When in doubt, start with std::vector or std::unordered_map. They cover more cases than any other two containers.


Trees, graphs, and "why isn't there a std::tree?"

You may notice that the standard library does not ship with a general-purpose tree or graph container. That is intentional: trees and graphs come in too many shapes (binary, n-ary, balanced, weighted, directed, …) for one container to fit them all.

When you need a tree, build it out of nodes with std::unique_ptr children. (This snippet uses templates and std::unique_ptr, both from Chapters 4–5 — skim it for now.)

template <typename T>
struct TreeNode {
    T value;
    std::vector<std::unique_ptr<TreeNode<T>>> children;
};

When you need a graph, an "adjacency list" — std::unordered_map<NodeId, std::vector<NodeId>> — is usually all you need. Specialised libraries exist (Boost.Graph, for example) when the algorithms get serious.

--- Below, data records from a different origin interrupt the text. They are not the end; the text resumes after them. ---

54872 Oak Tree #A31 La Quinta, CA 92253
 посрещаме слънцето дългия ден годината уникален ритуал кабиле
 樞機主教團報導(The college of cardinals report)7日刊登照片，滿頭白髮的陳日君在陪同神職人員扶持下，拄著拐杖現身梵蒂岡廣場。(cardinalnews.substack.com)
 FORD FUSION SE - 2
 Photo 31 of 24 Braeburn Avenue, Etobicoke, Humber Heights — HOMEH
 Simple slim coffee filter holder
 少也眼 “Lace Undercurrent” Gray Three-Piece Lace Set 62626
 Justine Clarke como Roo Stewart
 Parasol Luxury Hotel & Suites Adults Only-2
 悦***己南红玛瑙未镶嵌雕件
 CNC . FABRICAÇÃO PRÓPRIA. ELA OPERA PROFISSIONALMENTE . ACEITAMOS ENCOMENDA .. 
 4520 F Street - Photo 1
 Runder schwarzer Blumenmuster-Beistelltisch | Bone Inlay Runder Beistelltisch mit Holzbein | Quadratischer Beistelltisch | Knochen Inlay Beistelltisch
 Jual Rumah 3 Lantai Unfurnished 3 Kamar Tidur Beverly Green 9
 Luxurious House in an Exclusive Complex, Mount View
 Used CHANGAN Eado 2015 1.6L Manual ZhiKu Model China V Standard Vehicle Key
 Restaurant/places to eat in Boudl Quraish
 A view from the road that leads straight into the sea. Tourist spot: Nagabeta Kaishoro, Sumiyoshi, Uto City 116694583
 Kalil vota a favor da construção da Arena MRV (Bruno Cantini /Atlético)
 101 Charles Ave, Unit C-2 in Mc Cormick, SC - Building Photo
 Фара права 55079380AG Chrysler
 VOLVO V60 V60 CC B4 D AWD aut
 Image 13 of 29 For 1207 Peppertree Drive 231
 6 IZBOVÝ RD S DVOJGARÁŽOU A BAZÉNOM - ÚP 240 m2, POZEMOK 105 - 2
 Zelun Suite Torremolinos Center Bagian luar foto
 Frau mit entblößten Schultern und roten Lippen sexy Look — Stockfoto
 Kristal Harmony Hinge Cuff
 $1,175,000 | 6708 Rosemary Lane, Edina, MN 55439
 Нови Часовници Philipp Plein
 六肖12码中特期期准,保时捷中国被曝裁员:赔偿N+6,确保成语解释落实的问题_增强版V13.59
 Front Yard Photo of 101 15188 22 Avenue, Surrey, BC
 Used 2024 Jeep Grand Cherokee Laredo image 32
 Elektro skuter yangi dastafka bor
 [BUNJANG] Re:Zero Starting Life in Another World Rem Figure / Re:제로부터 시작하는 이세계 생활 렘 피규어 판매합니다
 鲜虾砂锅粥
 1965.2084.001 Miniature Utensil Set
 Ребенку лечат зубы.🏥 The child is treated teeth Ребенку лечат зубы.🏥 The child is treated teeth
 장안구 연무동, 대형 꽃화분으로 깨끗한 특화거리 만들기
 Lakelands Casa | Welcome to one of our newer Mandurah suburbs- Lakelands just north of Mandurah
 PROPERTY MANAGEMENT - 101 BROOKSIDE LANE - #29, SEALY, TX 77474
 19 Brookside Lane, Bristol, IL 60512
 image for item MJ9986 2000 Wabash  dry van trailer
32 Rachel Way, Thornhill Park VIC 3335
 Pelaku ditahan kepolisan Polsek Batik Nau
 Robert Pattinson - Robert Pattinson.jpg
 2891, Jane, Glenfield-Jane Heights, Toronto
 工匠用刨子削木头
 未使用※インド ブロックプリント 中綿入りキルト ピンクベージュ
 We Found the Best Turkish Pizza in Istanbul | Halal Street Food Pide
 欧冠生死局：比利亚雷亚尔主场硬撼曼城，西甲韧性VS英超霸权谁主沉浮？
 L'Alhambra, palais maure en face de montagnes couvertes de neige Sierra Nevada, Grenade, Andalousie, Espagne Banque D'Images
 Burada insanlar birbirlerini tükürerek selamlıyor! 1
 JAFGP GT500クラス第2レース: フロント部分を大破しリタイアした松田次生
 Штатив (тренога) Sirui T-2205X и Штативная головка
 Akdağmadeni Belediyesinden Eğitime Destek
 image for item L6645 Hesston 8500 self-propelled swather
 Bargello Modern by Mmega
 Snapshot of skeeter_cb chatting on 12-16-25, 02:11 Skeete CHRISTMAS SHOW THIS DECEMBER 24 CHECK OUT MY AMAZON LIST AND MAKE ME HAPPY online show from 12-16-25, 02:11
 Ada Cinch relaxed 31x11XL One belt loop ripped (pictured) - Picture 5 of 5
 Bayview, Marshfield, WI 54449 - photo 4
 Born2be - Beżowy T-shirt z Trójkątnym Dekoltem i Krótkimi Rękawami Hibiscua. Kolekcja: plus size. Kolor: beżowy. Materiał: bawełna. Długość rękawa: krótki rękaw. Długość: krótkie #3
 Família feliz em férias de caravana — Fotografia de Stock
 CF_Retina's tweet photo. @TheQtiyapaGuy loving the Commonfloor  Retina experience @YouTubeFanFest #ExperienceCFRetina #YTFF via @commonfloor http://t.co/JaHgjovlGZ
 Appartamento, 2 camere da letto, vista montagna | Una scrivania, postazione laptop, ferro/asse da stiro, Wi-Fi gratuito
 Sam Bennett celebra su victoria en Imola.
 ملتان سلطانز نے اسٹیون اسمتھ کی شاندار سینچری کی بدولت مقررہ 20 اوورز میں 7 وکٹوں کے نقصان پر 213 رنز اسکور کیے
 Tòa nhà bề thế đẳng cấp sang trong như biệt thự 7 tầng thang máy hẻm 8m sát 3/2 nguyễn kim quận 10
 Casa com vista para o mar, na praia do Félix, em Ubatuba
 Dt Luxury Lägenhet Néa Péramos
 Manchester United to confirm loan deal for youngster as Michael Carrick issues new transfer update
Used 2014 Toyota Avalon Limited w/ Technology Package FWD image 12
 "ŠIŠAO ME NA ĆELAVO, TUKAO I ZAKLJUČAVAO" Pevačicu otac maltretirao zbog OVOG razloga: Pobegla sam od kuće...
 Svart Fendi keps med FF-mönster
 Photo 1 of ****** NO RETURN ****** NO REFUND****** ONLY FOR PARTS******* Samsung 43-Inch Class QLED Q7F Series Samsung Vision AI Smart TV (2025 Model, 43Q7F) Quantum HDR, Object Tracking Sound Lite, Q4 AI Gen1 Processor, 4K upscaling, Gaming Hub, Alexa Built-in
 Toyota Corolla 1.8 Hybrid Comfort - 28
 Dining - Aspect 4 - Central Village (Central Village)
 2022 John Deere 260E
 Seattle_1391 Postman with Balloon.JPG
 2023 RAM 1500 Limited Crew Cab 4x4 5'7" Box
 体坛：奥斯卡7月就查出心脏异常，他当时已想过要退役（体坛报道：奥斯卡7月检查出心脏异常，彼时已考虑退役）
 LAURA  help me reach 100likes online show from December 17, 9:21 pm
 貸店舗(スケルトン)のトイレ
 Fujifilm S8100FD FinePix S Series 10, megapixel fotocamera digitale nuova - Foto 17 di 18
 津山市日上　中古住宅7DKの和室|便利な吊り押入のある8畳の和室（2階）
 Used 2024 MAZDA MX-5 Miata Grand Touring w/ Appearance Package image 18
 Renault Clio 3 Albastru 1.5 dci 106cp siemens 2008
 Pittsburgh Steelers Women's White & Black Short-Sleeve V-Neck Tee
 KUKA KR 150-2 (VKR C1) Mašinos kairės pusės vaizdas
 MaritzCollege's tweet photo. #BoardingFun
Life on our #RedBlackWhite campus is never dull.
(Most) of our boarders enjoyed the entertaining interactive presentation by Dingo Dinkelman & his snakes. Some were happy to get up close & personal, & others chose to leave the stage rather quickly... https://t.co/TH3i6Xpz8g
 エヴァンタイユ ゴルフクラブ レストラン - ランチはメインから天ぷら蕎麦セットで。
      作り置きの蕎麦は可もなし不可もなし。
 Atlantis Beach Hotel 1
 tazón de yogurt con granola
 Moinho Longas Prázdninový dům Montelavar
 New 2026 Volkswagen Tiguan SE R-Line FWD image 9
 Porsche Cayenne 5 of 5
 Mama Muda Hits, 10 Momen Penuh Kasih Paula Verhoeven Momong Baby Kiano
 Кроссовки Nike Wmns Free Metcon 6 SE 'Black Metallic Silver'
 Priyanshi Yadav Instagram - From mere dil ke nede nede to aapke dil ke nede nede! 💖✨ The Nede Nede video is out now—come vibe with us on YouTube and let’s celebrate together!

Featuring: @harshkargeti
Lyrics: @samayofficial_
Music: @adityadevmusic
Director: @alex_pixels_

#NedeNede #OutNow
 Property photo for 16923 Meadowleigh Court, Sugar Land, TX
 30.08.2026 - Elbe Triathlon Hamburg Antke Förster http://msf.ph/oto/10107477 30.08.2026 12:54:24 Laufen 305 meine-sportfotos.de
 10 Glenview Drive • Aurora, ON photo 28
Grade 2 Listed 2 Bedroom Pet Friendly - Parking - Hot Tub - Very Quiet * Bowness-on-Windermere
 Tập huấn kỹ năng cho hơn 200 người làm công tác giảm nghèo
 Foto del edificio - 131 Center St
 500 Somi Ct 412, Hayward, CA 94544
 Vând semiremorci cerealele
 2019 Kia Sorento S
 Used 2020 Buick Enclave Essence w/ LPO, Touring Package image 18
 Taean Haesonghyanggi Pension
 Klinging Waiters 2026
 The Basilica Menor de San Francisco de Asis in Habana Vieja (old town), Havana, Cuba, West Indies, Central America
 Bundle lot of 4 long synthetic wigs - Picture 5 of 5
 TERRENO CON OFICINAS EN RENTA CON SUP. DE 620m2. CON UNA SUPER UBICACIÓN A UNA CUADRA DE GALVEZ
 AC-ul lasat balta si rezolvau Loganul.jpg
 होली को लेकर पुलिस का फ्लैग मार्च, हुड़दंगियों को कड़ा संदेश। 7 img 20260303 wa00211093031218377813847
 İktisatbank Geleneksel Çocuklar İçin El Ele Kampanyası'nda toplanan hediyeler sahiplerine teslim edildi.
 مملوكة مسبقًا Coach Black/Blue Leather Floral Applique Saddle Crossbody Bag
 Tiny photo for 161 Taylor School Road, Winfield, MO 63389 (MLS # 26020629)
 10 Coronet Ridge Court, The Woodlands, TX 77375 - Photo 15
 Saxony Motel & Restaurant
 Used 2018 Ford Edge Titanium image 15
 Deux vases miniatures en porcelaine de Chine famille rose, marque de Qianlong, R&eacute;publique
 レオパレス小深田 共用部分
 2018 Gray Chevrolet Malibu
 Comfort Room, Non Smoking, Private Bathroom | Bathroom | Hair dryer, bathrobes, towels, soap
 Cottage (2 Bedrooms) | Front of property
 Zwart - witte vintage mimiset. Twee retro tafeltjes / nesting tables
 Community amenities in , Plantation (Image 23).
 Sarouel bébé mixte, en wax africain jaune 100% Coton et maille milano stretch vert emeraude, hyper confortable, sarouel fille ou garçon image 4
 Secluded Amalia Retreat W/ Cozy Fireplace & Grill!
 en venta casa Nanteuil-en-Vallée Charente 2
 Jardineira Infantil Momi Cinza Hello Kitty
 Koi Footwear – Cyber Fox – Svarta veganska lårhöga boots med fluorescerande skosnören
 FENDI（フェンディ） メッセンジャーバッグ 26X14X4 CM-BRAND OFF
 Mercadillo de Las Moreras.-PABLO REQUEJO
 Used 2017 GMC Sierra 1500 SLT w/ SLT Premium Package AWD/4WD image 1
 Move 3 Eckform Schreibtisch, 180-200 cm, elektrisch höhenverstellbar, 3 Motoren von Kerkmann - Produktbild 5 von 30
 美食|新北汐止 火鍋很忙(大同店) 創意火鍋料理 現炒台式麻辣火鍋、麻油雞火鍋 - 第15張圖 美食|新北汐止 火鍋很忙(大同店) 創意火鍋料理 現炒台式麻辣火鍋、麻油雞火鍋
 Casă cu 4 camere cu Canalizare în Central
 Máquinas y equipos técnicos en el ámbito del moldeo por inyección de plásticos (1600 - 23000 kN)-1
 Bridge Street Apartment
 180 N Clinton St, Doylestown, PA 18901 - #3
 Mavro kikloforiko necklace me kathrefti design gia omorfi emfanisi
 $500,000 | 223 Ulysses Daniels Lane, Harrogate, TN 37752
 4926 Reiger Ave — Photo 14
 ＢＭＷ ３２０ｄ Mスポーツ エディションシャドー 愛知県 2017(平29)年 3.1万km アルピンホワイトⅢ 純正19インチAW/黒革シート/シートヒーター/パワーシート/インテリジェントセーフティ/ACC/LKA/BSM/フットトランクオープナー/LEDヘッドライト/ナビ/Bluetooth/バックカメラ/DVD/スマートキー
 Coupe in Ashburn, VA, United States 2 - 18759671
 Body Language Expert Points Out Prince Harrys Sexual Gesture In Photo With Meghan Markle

Implementing these from scratch is a fine learning exercise, but for production code, prefer the library where one exists. Still curious? Building a Tree turns that TreeNode into a small, reusable container and demonstrates it with a family tree.


Summary

  • The standard library covers every basic data structure you need this semester.
  • std::vector is your default sequence; std::unordered_map is your default lookup table.
  • Linked lists exist but are usually not what you want; std::vector is cache-friendlier.
  • Trees and graphs are not in the standard library; build them out of std::unique_ptr and std::vector.
  • Pick a container by asking how you will add, find, and order the elements, not which one sounds clever.